In some embodiments of the invention, the composition used is Yushu powder, which consists of musk 30g, borneol 15g, cinnabar 60g, realgar 90g, moleplant seed cream 90g, euphorbia pekinensis 135g, gallnut 180g and edible tulip 180 g.
Example 1 drug formulation and animal model establishment
1. Material
1.1 Experimental animals
100 SPF-level Kunming mice are male, 7-8 weeks old and 18-22g in body weight. Feeding in SPF animal house, maintaining room temperature at 20-22 deg.C, humidity at 45-55%, and sunlight exposure time of 12 hr. Except for the condition that the model is made and the fasting blood sugar is detected, the experimental mice drink water freely and change the padding every day.
1.2 Experimental reagents
Streptozotocin (STZ) was purchased from Shanghai assist feather Biotech Co., ltd. (batch No.: 60243Q60, specification: 100 mg/count); yushusan (Lei Yun, pharmaceutical products of pharmaceutical industry group ltd, national standard Z32020488, lot number TA 19001); detoxicating and promoting granulation paste (Guangxi Zhuang autonomous region Huahong pharmaceutical industry GmbH, kagao Yao Z45020400, batch No. 20210710); musk; borneol; vaseline.
1.3 pharmaceutical formulation
Preparation of 20% Yushusan preparation:
0.6g of Yushu powder is added with 2.4g of vaseline and mixed evenly to prepare 20 percent Yushu powder preparation.
Preparation of 40% Yushusan preparation:
weighing 1.2g of Yushu powder, adding 1.8g of vaseline, and mixing to obtain 40% Yushu powder preparation.
After the preparation is finished, the mixture is stored in a refrigerator at 4 ℃ and is prepared once in 3 days.
1.154% musk borneol powder preparation:
0.1g of musk borneol powder is weighed, 8.56g of Vaseline is added to be mixed evenly, and 1.154 percent of musk borneol powder is prepared respectively.
Preparation of 2.31% musk borneol powder:
weighing 0.2g of musk borneol powder, adding 8.46g of vaseline, and mixing uniformly to prepare 2.31% musk borneol powder respectively.
2. Molding and method
After being adaptively fed for one week, 100 SPF-level Kunming mice are randomly divided into two groups according to body weight, 8 blank groups and 92 model groups.
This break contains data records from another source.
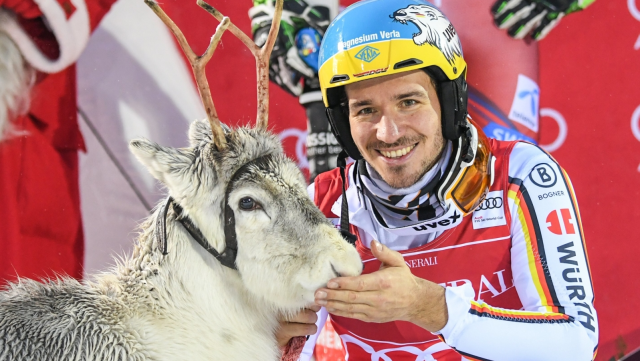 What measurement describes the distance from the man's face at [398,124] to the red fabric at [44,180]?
87.7 inches

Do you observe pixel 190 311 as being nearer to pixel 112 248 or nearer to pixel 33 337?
pixel 33 337

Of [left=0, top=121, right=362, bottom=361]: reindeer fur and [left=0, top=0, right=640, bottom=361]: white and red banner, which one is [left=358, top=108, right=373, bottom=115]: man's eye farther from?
[left=0, top=0, right=640, bottom=361]: white and red banner

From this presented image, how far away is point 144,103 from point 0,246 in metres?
1.30

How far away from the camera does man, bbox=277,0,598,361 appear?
6.16 feet

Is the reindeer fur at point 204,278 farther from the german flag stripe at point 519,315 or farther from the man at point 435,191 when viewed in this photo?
the german flag stripe at point 519,315

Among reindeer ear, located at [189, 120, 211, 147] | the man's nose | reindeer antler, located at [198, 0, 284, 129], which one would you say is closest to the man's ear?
reindeer ear, located at [189, 120, 211, 147]

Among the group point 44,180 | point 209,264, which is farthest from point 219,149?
point 44,180

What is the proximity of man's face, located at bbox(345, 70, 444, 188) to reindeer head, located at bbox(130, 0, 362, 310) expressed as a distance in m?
0.48

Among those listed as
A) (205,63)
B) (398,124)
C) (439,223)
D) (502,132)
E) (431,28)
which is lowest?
(439,223)

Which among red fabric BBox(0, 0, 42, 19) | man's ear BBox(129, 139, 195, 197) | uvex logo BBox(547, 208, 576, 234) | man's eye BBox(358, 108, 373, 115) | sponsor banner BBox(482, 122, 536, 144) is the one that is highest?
red fabric BBox(0, 0, 42, 19)

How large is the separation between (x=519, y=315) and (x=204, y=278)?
42.8 inches

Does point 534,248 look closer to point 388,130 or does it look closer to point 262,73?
point 388,130

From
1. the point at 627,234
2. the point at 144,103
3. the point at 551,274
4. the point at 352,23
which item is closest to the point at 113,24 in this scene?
the point at 144,103

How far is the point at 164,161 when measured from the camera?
5.49 feet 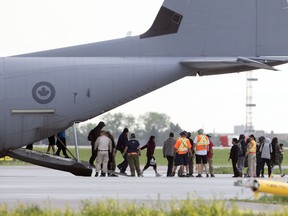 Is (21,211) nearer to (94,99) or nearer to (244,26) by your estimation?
(94,99)

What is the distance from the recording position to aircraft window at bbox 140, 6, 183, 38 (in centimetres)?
3547

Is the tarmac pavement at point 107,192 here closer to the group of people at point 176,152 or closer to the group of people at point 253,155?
the group of people at point 176,152

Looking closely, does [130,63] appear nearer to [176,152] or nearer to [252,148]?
[176,152]

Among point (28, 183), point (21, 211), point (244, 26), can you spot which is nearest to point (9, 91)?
point (28, 183)

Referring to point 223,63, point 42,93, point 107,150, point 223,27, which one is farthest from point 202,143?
point 42,93

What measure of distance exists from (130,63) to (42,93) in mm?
3417

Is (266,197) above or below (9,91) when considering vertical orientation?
below

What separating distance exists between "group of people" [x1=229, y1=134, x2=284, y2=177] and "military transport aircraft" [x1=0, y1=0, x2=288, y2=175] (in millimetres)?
5443

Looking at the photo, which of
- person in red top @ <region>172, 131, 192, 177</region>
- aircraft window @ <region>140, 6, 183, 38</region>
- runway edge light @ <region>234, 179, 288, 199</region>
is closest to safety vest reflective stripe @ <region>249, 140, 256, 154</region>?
person in red top @ <region>172, 131, 192, 177</region>

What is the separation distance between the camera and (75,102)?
3412 centimetres

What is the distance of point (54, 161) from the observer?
1393 inches

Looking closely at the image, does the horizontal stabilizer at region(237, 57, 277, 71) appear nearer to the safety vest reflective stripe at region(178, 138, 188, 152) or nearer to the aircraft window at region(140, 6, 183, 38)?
the aircraft window at region(140, 6, 183, 38)

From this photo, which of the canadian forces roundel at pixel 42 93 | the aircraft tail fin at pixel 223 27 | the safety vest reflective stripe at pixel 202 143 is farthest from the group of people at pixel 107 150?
the aircraft tail fin at pixel 223 27

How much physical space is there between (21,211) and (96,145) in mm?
18152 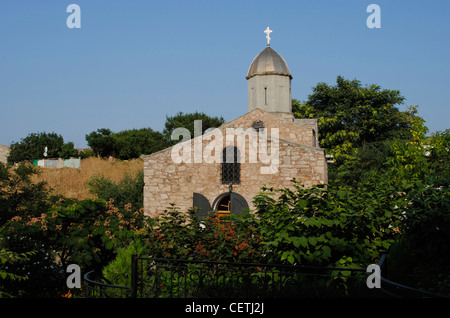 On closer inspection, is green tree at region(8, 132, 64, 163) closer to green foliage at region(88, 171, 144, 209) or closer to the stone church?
green foliage at region(88, 171, 144, 209)

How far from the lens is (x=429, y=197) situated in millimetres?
6582

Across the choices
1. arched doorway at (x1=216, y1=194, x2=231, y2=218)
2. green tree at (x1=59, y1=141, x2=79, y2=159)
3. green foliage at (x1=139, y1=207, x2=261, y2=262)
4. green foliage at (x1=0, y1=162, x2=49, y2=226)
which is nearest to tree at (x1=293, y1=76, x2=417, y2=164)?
arched doorway at (x1=216, y1=194, x2=231, y2=218)

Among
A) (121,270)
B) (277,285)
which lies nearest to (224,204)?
(121,270)

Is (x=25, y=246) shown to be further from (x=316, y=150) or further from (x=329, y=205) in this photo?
(x=316, y=150)

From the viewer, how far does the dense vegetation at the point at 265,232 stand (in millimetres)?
6559

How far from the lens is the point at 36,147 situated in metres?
42.5

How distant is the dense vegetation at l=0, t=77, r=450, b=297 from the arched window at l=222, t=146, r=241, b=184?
4.64 meters

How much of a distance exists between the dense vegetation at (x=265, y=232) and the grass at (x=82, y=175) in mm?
10369

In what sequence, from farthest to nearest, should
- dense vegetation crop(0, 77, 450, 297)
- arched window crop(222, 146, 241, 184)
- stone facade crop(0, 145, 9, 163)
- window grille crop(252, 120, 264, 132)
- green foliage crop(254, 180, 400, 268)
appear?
stone facade crop(0, 145, 9, 163), window grille crop(252, 120, 264, 132), arched window crop(222, 146, 241, 184), green foliage crop(254, 180, 400, 268), dense vegetation crop(0, 77, 450, 297)

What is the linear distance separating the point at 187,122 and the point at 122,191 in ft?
92.0

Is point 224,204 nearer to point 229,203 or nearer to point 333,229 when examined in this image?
point 229,203

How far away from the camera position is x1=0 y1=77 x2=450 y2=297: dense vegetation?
6.56 m

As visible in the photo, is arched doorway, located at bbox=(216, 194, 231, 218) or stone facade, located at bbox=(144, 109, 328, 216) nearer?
stone facade, located at bbox=(144, 109, 328, 216)

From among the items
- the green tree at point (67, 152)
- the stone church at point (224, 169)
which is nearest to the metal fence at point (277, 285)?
the stone church at point (224, 169) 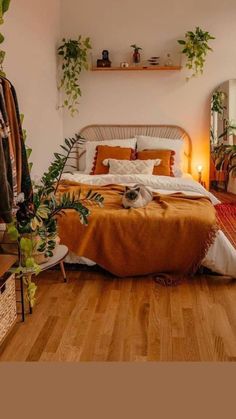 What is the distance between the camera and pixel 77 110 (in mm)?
5727

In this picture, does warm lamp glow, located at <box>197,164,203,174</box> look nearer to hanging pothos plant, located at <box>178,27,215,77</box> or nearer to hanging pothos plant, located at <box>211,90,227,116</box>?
hanging pothos plant, located at <box>211,90,227,116</box>

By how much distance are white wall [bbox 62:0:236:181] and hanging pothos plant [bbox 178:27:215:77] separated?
140 mm

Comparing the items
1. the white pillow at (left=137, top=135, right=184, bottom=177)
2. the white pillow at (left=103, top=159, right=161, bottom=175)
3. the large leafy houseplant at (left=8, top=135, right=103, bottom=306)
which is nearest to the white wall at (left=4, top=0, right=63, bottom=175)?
the white pillow at (left=103, top=159, right=161, bottom=175)

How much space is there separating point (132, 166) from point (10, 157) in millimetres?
2726

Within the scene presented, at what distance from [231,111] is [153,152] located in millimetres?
1338

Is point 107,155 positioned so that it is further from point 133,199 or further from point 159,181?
point 133,199

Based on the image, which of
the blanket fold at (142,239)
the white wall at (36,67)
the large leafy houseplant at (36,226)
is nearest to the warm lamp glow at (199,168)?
the white wall at (36,67)

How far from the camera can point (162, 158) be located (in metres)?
5.09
Fasting is not forbidden for more than 12h before modeling, a modeled mouse is subjected to single intraperitoneal injection of streptozotocin STZ (80 mg/kg), fasting blood glucose is detected after 72h, fasting blood glucose of more than 16.7mmol/L can be regarded as successful modeling of a diabetes model, fasting blood glucose is continuously detected at 7d and 14d after modeling is finished respectively, mice with the fasting blood glucose not reaching the standard are removed, and 48 mice of a modeling group with qualified blood glucose are selected to be randomly divided into 6 groups according to blood glucose and weight: model group, detoxification granulation promoting ointment group, 20% Yushu powder group, 40% Yushu powder group, 1.154% Musk borneol powder group and 2.31% Musk borneol powder group, wherein each group comprises 8.
Both blank mice and diabetic model mice were subjected to foot ulcer modeling: after fasting and no water supply for 12h, 10% chloral hydrate is injected into the abdominal cavity for anesthesia, the injection volume is 0.33ml/10g, a disposable skin biopsy punch with the diameter of 5mm is used for punching the back of the lower limb of a mouse, and a single-round full-thickness skin wound (the diameter is about 5 mm) is manufactured by assisting surgical scissors. And the wound was stimulated with a cotton ball full of 50% glacial acetic acid three times in 24h after the wound was opened. And (3) observing the wound which is stimulated by glacial acetic acid to generate necrosis to form severe infection and difficult-to-heal ulcer, and judging that the molding and repeated engraving of the diabetic skin ulcer mouse are successful when the characteristics of the diabetic skin ulcer are met. After the model building is successful, the corresponding medicine is applied to each group, the thickness of the covered wound surface is about 0.3mm, vaseline with the same volume is applied to the wound surface for the control group and the model group, the medicine is changed for 1 time every day, the wound is cleared by physiological liquid medicine before the medicine is changed, the medicine is continuously applied for 14 days, the wound healing condition is observed every day, the photographing is carried out for 2 times every week, the ulcer wound surface area is measured by adopting Image-Pro Plus 6.0 Image analysis software, and the wound healing rate is calculated. The details of the grouping and administration are shown in table 1.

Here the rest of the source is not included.